▸ **What to work on**: Look below for the line holding "ADIDAS DEFENDER4 SMALL" and the line holding "Волгоградская область, Волжанин-52701-10-06". Transcribe exactly those lines and all lines between them, nothing more.

▸ **Entries provided**:
......

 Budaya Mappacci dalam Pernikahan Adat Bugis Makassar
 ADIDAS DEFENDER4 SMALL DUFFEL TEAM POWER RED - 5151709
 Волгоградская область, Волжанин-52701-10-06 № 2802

......

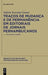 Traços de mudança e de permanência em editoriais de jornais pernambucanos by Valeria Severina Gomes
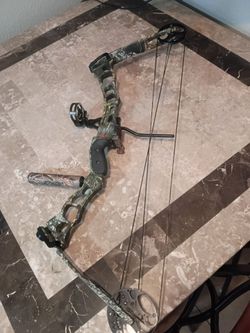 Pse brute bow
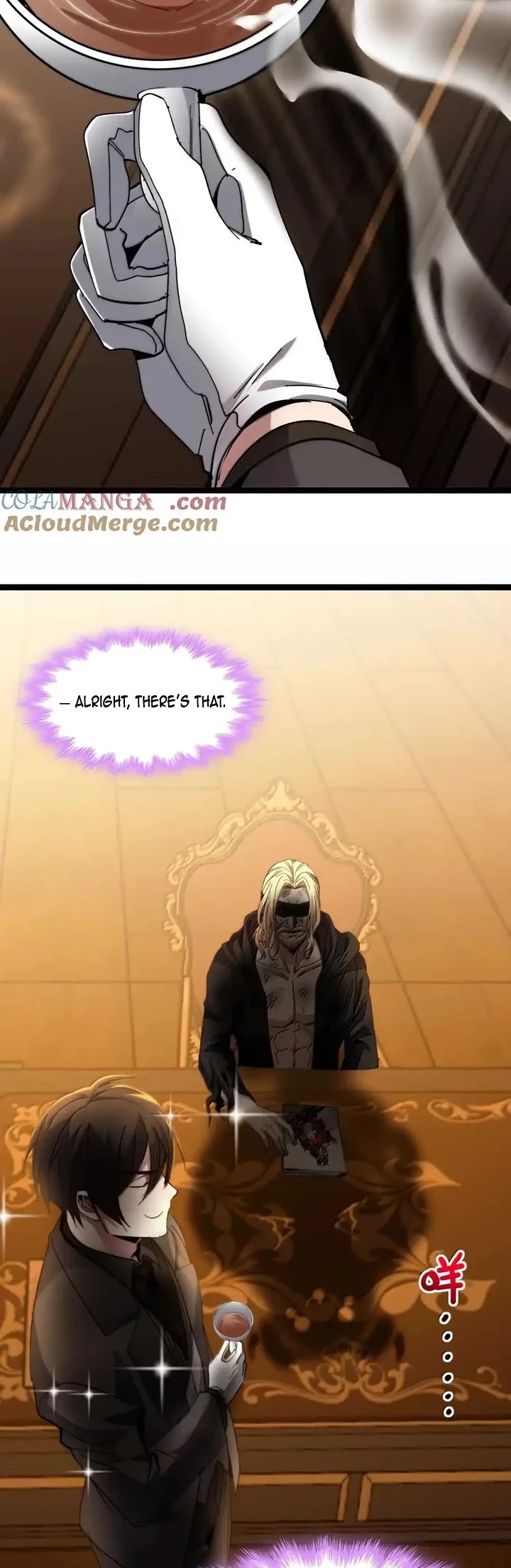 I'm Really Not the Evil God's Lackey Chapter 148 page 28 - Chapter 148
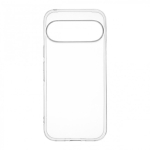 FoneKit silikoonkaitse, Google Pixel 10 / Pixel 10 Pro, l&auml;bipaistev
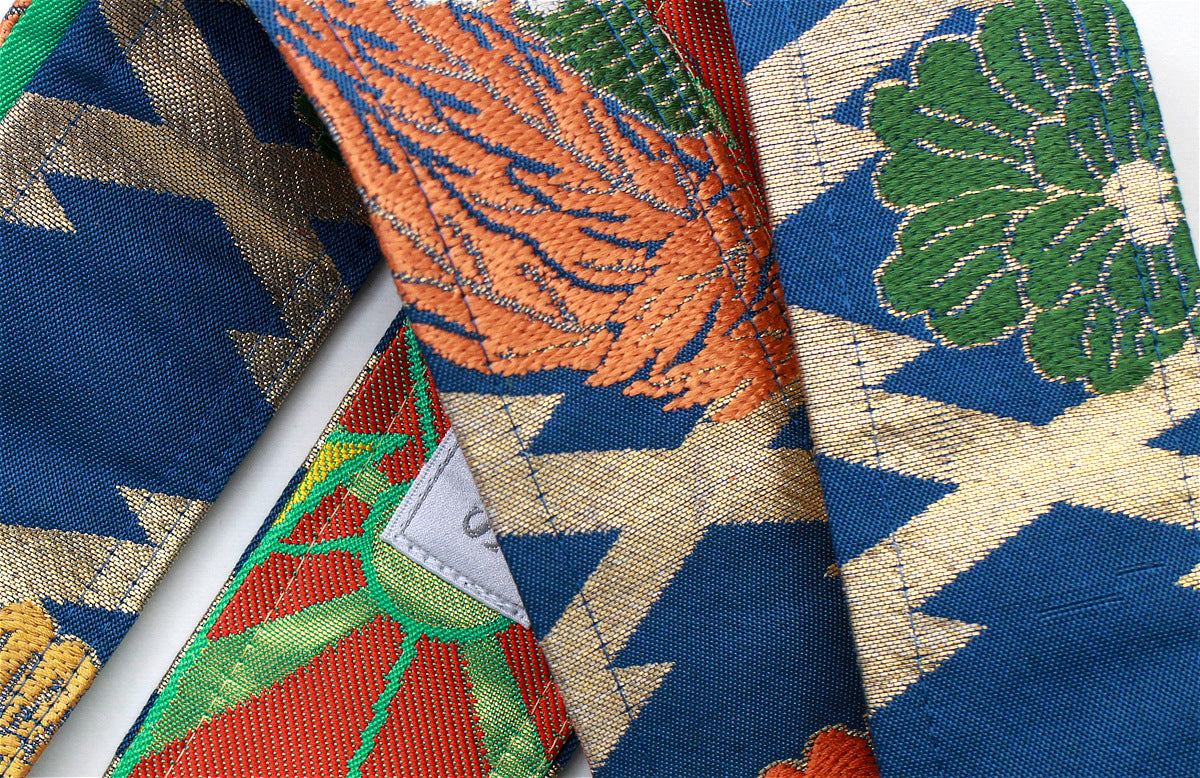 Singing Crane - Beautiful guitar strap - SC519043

......

▸ **Answer section**:
 ADIDAS DEFENDER4 SMALL DUFFEL TEAM POWER RED - 5151709
 Волгоградская область, Волжанин-52701-10-06 № 2802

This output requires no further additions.